A1987dM 29 Sep 2012 9:57 UTC
14 points

For a hundred years or so, mathematical statisticians have been in love with the fact that the probability distribution of the sum of a very large number of very small random deviations almost always converges to a normal distribution. … This infatuation tended to focus interest away from the fact that, for real data, the normal distribution is often rather poorly realized, if it is realized at all. We are often taught, rather casually, that, on average, measurements will fall within ±σ of the true value 68% of the time, within ±2σ 95% of the time, and within ±3σ 99.7% of the time. Extending this, one would expect a measurement to be off by ±20σ only one time out of 2 × 10^88. We all know that “glitches” are much more likely than that!

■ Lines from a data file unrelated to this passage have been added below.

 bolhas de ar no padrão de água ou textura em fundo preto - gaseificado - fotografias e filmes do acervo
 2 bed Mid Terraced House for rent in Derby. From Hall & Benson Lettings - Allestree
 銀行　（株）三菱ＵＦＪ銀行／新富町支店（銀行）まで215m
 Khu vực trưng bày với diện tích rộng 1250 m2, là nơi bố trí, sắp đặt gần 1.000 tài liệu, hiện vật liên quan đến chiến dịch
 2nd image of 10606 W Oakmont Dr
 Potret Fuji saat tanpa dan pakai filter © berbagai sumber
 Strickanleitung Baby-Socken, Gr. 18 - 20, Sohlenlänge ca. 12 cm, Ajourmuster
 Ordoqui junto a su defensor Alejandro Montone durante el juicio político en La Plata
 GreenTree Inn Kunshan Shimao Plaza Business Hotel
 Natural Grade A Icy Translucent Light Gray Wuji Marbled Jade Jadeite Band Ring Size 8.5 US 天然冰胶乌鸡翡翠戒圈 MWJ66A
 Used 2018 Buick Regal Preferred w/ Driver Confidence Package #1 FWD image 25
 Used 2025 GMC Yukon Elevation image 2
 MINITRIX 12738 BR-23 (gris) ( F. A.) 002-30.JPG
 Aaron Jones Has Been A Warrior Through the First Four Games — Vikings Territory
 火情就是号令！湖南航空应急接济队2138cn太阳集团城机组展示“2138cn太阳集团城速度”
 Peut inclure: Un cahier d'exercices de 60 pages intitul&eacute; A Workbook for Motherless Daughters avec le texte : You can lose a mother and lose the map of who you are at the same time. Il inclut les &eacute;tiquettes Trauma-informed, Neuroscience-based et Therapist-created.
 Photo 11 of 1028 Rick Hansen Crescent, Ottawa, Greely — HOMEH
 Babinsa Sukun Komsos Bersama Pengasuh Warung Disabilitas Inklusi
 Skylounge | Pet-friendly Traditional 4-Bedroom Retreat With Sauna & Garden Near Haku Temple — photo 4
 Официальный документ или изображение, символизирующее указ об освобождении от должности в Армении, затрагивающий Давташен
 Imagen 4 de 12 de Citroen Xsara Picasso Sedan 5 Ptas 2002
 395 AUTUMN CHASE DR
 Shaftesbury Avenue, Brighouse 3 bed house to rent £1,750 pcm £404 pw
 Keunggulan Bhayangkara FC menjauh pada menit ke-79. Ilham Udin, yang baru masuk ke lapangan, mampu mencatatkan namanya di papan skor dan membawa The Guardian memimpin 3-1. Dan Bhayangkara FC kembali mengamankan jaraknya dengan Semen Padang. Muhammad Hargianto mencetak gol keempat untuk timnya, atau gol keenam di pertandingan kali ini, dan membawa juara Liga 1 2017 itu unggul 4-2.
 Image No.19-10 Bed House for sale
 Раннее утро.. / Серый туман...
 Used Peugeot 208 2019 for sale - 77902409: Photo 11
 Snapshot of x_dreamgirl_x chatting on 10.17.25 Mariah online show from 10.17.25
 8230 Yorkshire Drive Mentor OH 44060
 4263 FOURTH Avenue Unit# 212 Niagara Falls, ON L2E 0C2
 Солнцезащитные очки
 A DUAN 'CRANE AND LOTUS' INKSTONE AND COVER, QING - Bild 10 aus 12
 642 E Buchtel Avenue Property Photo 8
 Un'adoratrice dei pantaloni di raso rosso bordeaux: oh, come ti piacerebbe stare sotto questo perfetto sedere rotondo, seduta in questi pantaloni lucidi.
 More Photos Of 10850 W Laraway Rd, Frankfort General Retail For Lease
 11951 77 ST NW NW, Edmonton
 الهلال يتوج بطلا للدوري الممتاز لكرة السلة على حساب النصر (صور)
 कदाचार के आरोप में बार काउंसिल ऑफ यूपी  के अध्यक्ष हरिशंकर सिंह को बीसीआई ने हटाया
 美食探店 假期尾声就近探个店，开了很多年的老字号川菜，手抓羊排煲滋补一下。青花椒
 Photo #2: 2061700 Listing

-- W.H. Press et al., Numerical Recipes, Sec. 15.1
- ThirdOrderScientist 4 Oct 2012 18:23 UTC
  0 points
  Parent
  I don’t think it’s fair to blame the mathematical statisticians. Any mathematical statistician worth his / her salt knows that the Central Limit Theorem applies to the sample mean of a collection of independent and identically distributed random variables, not to the random variables themselves. This, and the fact that the t-statistic converges in distribution to the normal distribution as the sample size increases, is the reason we apply any of this normal theory at all.
  
  Press’s comment applies more to those who use the statistics blindly, without understanding the underlying theory. Which, admittedly, can be blamed on those same mathematical statisticians who are teaching this very deep theory to undergraduates in an intro statistics class with a lot of (necessary at that level) hand-waving. If the statistics user doesn’t understand that a random variable is a measurable function from its sample space to the real line, then he/she is unlikely to appreciate the finer points of the Central Limit Theorem. But that’s because mathematical statistics is hard (i.e. requires non-trivial amounts of work to really grasp), not because the mathematical statisticians have done a disservice to science.